What does the inv function do in MATLAB / RunMat?
X = inv(A) returns the matrix inverse of a square, full-rank matrix A. The result satisfies
A * X = eye(size(A)) within round-off. Scalars behave like 1 ./ A, matching MATLAB semantics.
How does the inv function behave in MATLAB / RunMat?
- Inputs must be 2-D matrices (trailing singleton dimensions are accepted). Non-square matrices raise
the MATLAB error
"inv: input must be a square matrix." - Singular or rank-deficient matrices raise
"inv: matrix is singular to working precision." - Logical and integer inputs are promoted to double precision before inversion.
- Complex inputs are handled in full complex arithmetic.
- Empty matrices return an empty matrix with the same dimensions (e.g.,
inv([])yields[]).
inv GPU execution behaviour
When a GPU acceleration provider is active, RunMat forwards the operation to its inv hook. If the
provider does not implement a native kernel, RunMat gathers the data to the host, uses the shared CPU
implementation, and attempts to re-upload the result so downstream GPU work keeps its residency. The
shipping WGPU backend currently follows this gather/compute/upload pattern.

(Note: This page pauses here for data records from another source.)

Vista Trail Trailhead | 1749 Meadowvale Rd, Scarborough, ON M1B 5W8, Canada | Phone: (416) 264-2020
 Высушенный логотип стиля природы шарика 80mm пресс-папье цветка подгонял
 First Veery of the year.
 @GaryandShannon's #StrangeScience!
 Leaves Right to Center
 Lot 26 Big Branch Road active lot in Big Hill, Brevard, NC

Examples of using the inv function in MATLAB / RunMat
Inverting a 2x2 matrix for solving linear systems
A = [4 -2; 1 3];
X = inv(A);
Expected output:
X =
0.3 0.2
-0.1 0.4
Checking that inv(A) produces the identity matrix
A = [2 1 0; 0 1 -1; 0 0 3];
X = inv(A);
product = A * X;
Expected output:
product =
1.0000 0 0
0 1.0000 0
0 0 1.0000
Inverting a diagonal matrix with symbolic structure
D = diag([2, 5, 10]);
X = inv(D);
Expected output:
X =
0.5000 0 0
0 0.2000 0
0 0 0.1000
Computing the inverse of a complex matrix
A = [1+2i 0; 3i 4-1i];
X = inv(A);
Expected output:
X =
0.2105 - 0.1053i -0.0158 - 0.1579i
-0.1579 - 0.1184i 0.0526 + 0.2632i
Using inv on a GPU-resident matrix
G = gpuArray([3 1; 0 2]);
invG = inv(G); % stays on the GPU when the provider implements inv
result = gather(invG);
Expected output:
result =
0.3333 -0.1667
0 0.5000
Handling singular matrices gracefully
A = [1 2; 2 4];
X = inv(A);
Expected output:
Error using inv
inv: matrix is singular to working precision.
GPU residency in RunMat (Do I need gpuArray?)
You typically do not need to move data manually. If A already resides on the GPU and the provider
implements inv, the computation stays on the device. Providers without a native kernel (including
the current WGPU backend) download A, compute the inverse on the host, and re-upload the result, so
subsequent GPU code continues to operate on device-resident data. gpuArray remains available for
compatibility and for explicitly seeding GPU residency.
FAQ
Do I need to use inv to solve linear systems?
Prefer mldivide (A \\ b) or linsolve for numerical stability and performance. Use inv only
when you explicitly need the inverse matrix.
What error do I get for singular matrices?
RunMat mirrors MATLAB and raises "inv: matrix is singular to working precision." when LU
factorisation detects a zero pivot.
Can I invert non-square matrices?
No. inv requires square matrices. Use pinv for pseudoinverses of rectangular matrices.
Does inv support complex numbers?
Yes. Complex matrices are inverted using full complex arithmetic.
What happens with empty matrices?
inv([]) returns [] (an empty matrix) without error.
Does inv preserve GPU residency?
If the acceleration provider exposes an inv hook, the operation stays on the GPU. Otherwise, RunMat
gathers, computes on the host, and re-uploads so the caller still receives a GPU tensor.